Del libro è apprezzabile innanzitutto la scelta di presentare e disporre le lettere in ordine cronologico, perché in fondo per poter comprendere un fenomeno storico, sia appartenente ad un passato relativamente recente che remoto, l’unico metodo di ricerca appropriato è quello che si basa sulla ricerca ed analisi dei documenti (gli unici che possano contenere dati certi e fondati), per quanto impegnativa e noiosa essa possa risultare.
In secondo luogo è davvero condivisibile l’impianto del testo, la scelta di lasciar che siano le parole del protagonista a parlare, a raccontare pensieri, parole, riflessioni e stati d’animo.
Moro emerge in tutta la sua umanità, in tutta la sua grandezza di uomo politico, ma anche e soprattutto di UOMO, con le sua umane paure, le sue umane debolezze, i suoi umani amori, la sua umana rabbia ed il suo disperato, accorato, ma rassegnato dolore…questo sì DISUMANO, tanto quanto la spietatezza di chi ha avuto il barbaro coraggio di strapparlo alla vita in nome di un meschino sacrificio, in nome della causa di una fantomatica ed utopica RIVOLUZIONE.
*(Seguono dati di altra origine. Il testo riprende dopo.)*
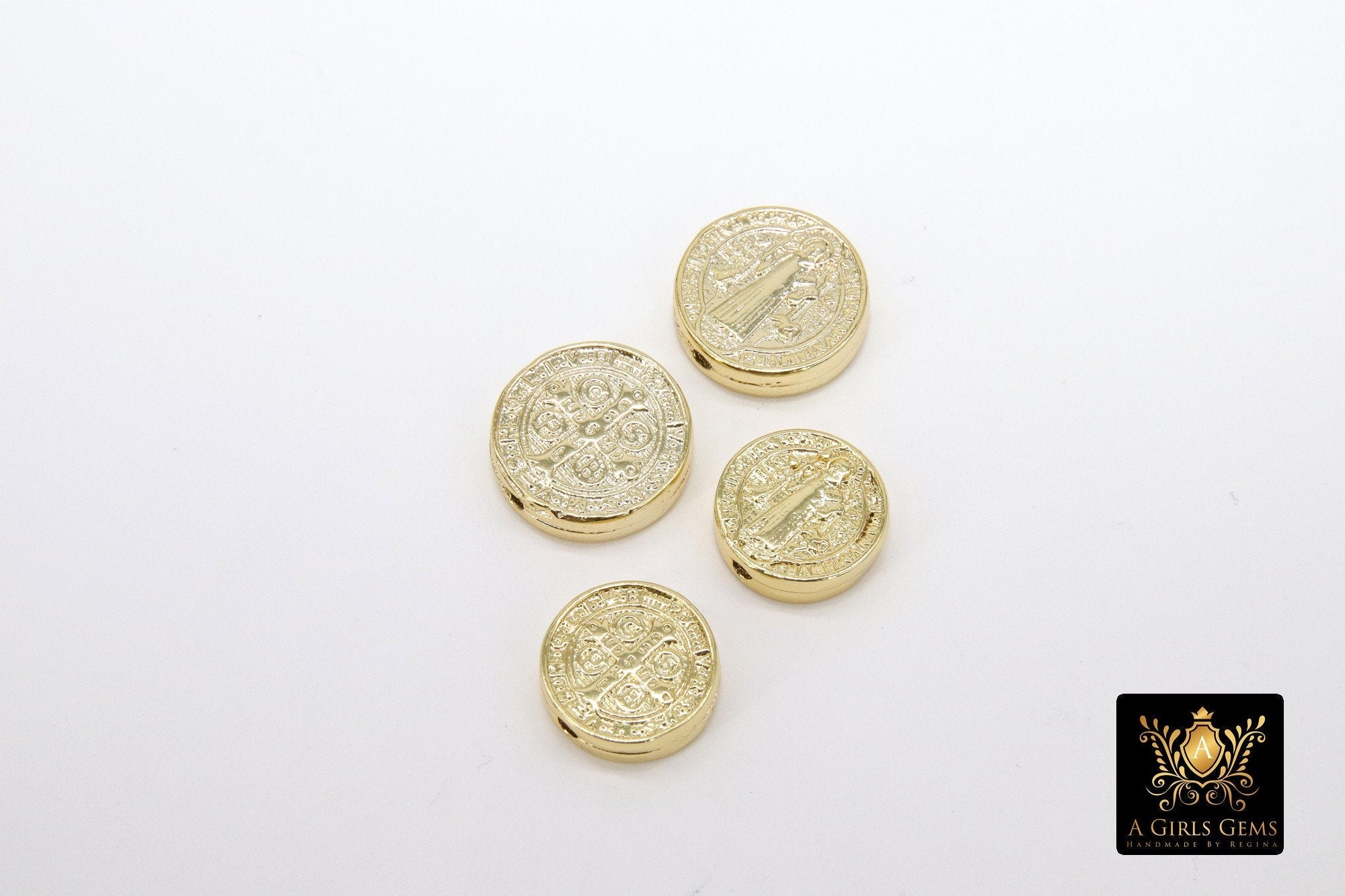 Gold St. Benito Beads, 11 or 14 mm Cross St. Benedict Round Bead #2836, Dime Size Round Medallion Medals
Lettere della prigionia è un libro che non impone una versione su tutte le altre, non sposa teorie di complotti internazionali, che tanto potrebbero rendere avvincente il racconto, o aiutare la tiratura di un testo… si limita a riconoscere che il fenomeno delle BR è essenzialmente un fenomeno tutto italiano, che la presunta pista di un mandante internazionale non è suffragata dal sostegno di documenti storici e quindi è e rimane pura supposizione.
…È un testo che lascia al lettore la possibilità di esercitare le proprie personali riflessioni ed il senso critico sul materiale documentale che offre in abbondanza.